Delacroix fine-tuned Romanticism, incorporating the influences of Michelangelo and Peter Paul Rubens. He developed his personal style, with an affinity for showing pain and suffering in his work through brightly coloured canvases.


The impetus for the rebellion was Charles X's plan to reinstate systems of pre-Revolutionary France, which included: pledging one billion francs in an impoverished country to the aristocracy in reparations for property lost during the Revolution; abolishing free press and the legislature; and curtailing suffrage rights.


Three days, later on, July 27th, fighting broke out - not far from the artist's studio - between Parisians and the king's mercenaries. By 3 August 1830, the uprising was successful: Charles X abdicated and went into exile.


The 1831 Salon, though, didn't consider Liberty to be a successful painting. Worse still, the dramatic energy and proletarian power captured in this painting were deemed so incendiary and dangerous that this picture was hidden from public view until 1855.


Now, Liberty is justifiably considered one of the most famous paintings by Delacroix. However, it received a mixed reception in France. The art establishment was appalled. But the French government bought it as a sign of its commitment to liberal values. It was exhibited briefly in 1848 after the Republic was restored in the revolution of that year, and then in the Salon of 1855. In 1874, the painting entered the collection of Louvre in Paris.


Long after Delacroix’s death, the image of Liberty was printed on stamps and the 100 franc note. She remains a poster girl of the 20th and 21st century – featured on Eric Hobsbawm’s Age of Revolution.
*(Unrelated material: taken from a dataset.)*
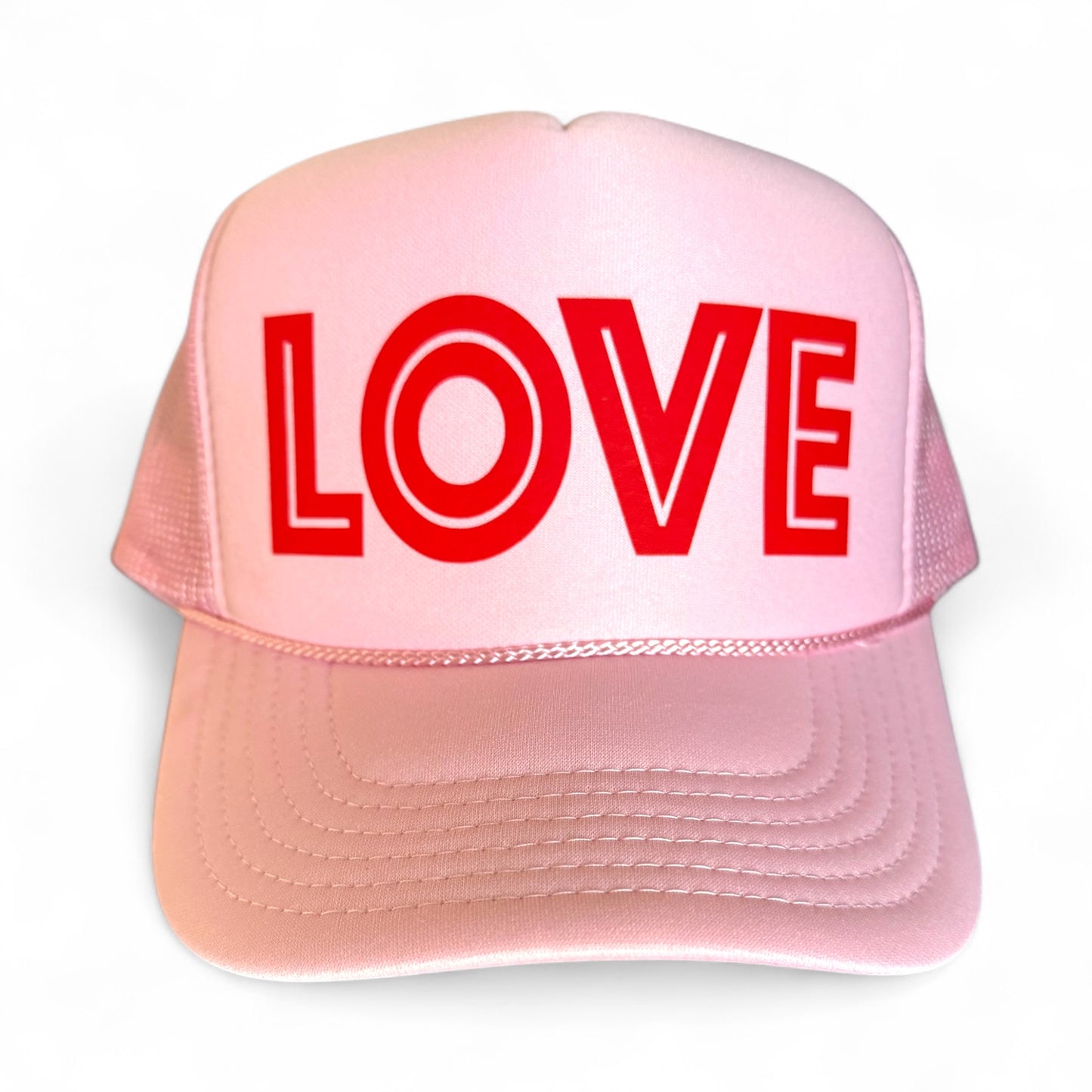 Pink cap with 'LOVE' in red on a white background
She is on the front cover of the band, Coldplay’s Viva la Vida album. Liberty Leading the People has inspired many over the decades and centuries.


This painting pre-dates Impressionists, who recorded what they saw, rather than depicting symbols in a romantic way. Would it have been possible to paint a mortal French woman in this stance? At this time probably not. Only a symbolic woman could have such a role in a piece of historical propaganda rather than a real woman.

Women of Algiers, Delacroix, 1834

About  Eugene Delacroix

Delacroix was born on April 26, 1798.


He was the son of the ambassador of the French Republic to Holland. His father had been very active during the revolution. Despite his parents dying when he was a little boy, he would be very aware of the revolution and the terror that reigned afterwards.


According to Charles Baudelaire, Delacroix was a curious mixture of scepticism, politeness, dandyism, willpower, cleverness, despotism, and finally, a kind of individual goodness and tenderness.


He began to paint at the age of 17. He was hugely influenced by the Romanticist period of painting and later went on to influence the Impressionist movement, particularly Cezanne and Picasso, who copied his paintings. Romantic paintings are paintings, depictions of fantasy, and an expression of feeling – of love, of fear, of desire and even, of revolution. They are emotional paintings, not paintings of reason, or of fact.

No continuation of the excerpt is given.